I agree, I can’t stand John Mayer, he looks like that one annoying friend we all have, that just loves all the attention and will never shut the f*ck up about themselves.
Jared Leto wears eyeliner.. no thanks, don’t care about your richard.
EarthGoddess
wrote on May 28 2009 @ 03:32 pm: [report]
I miss when Jared Leto looked like Jordan Catalano ... one of my all-time TV crushes. *sigh*
Oh, and Ewan McGregor is my all-time fave .... he’s the total *ahem* package *ahem*. Yummy beyond words!
bogart4017
wrote on May 29 2009 @ 12:54 pm: [report]

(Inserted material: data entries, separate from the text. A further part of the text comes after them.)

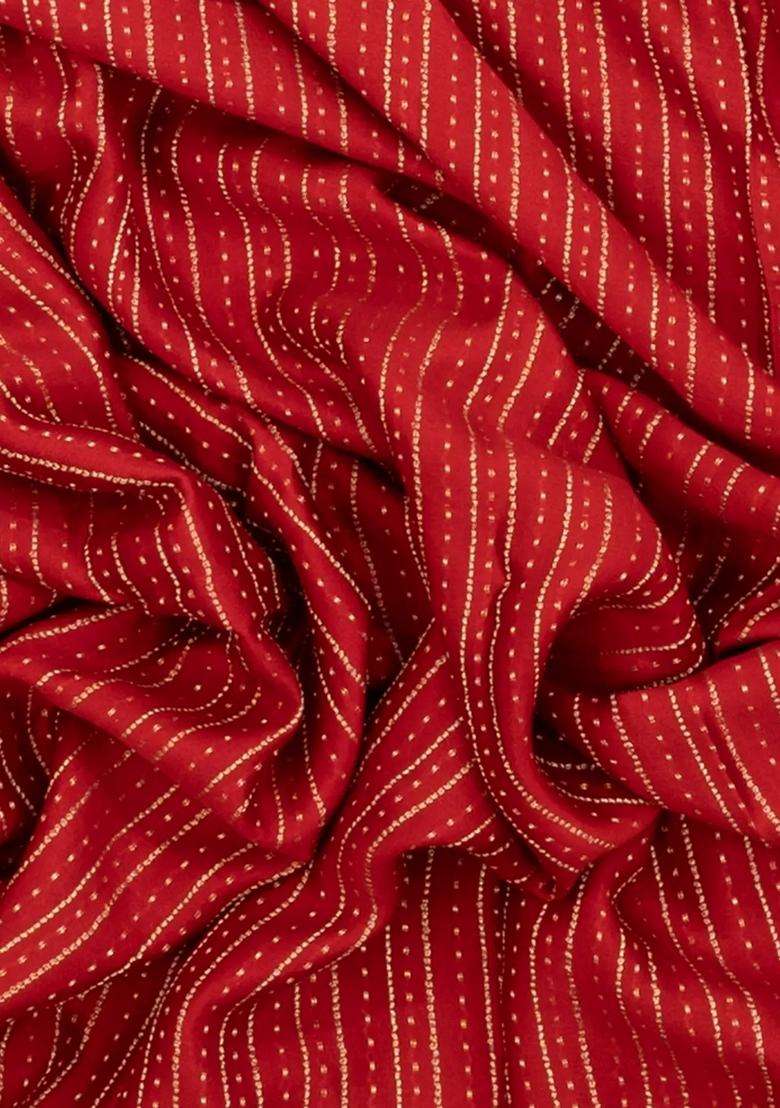 Red Woven Mysore Silk Crepe Saree With Floral Stripes With Checks And Stripes Design For Women - Indya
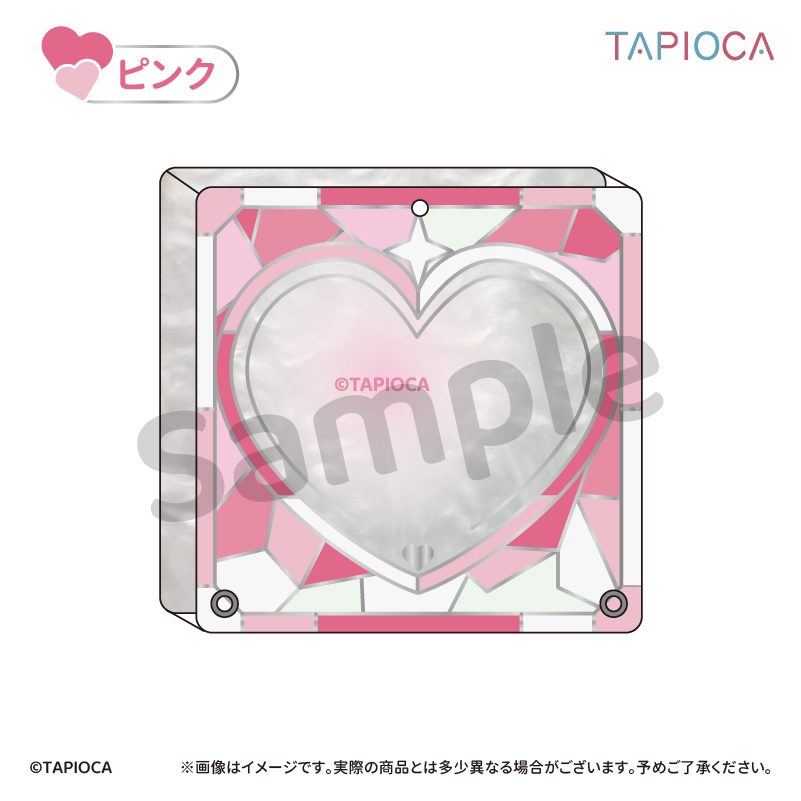 タピオカ オリジナル ステンドグラス風 缶バッジフレーム ピンク (Tapioca Original Stained Glass Style Can Badge Frame Pink)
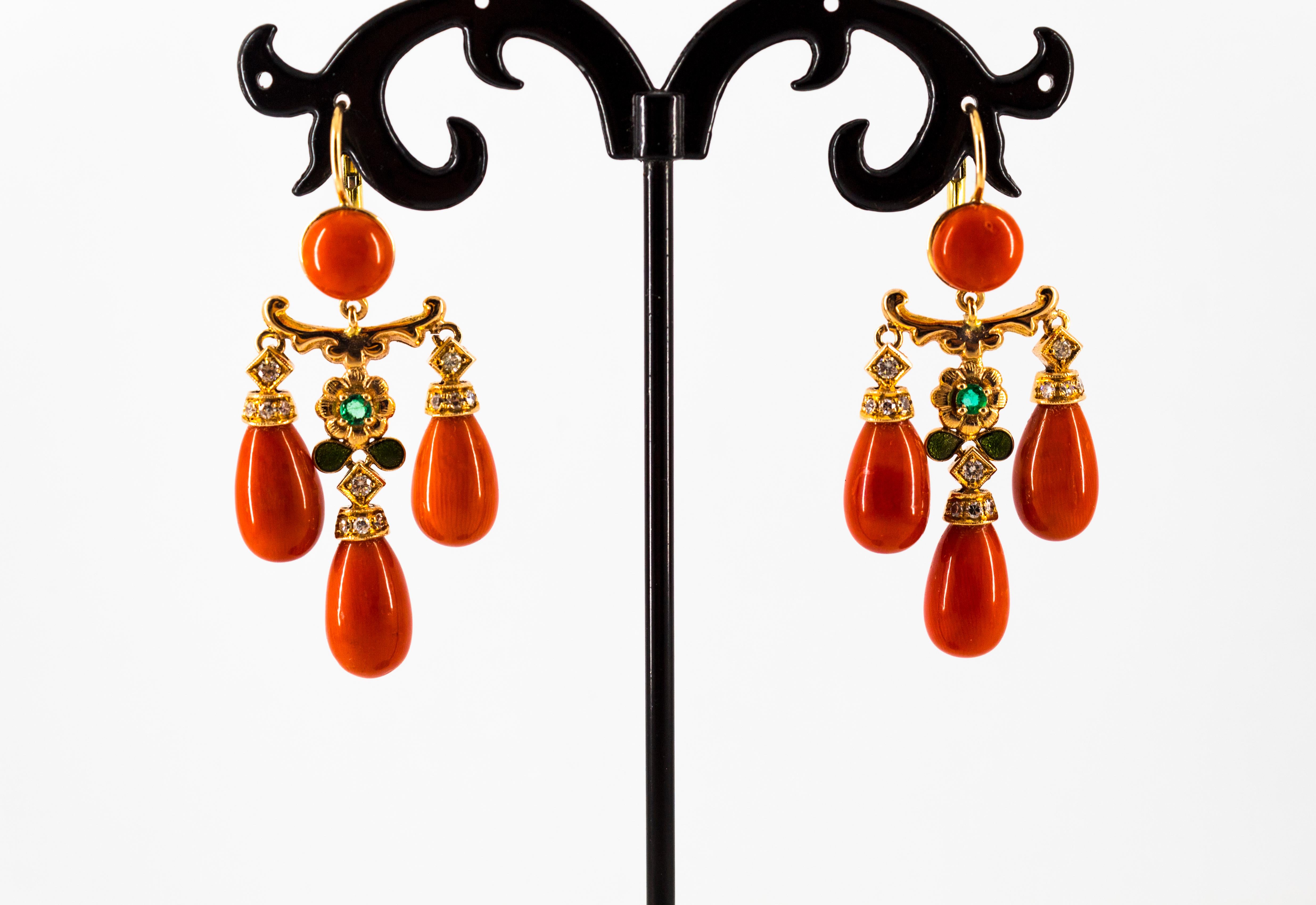 Mediterranean Coral 0.44 Carat White Diamond Emerald Yellow Gold Drop Earrings For Sale 1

I’ve often wondered about the fascination with the male member. Size matters, doesnt matter, etc. Nothing really matters if you have no idea what you’re doing.
Laineylew
wrote on June 1 2009 @ 12:22 pm: [report]
@bogart
Completely agree.
Honestly, its all about how you use it, and how two partners work -together- to satisfy each other.
Its just as much about how the lady works it as her partner.
Captain Planet
wrote on December 24 2009 @ 04:56 pm: [report]
i must agree with bogart and laineylew… recently had to take muscle relaxants after a car accident. TRUST ME, both partners MUST participate for it to be ANY fun for anyone!
MintJulep
wrote on December 25 2009 @ 04:20 pm: [report]
i tried that “little richard” thing, ya know, for love, but it got stale…quick! give me a king dong anyday, e.g.
**colin farell
**trey songz
**nick cannon (mariah looks happy)
**ewan mcgregor -or- clive owen
p.s. john mayer is not a sex symbol. he’s a weirdo that looks like larry from three’s company.
kingnbabetting
wrote on December 25 2009 @ 08:57 pm: [report]
very well said…
arika
wrote on December 26 2009 @ 12:13 am: [report]
What a stretched-out slutty #&@$% is Jessica Simpson to publicly bag on her ex and say she had to fake an orgasm with her boyfriend cuz his dick wasn’t big enough? “But I still loved Him” Puh-leeze. Maybe she just has a bit too much tread wear.
lrthorne
wrote on February 4 2010 @ 11:40 am: [report]
Arika….well said. All Simpson did was make herself look like a petty little ho-bag. Nick is well rid of her.
Ewan McGregor: any minute of any hour of any day of the rest of all time!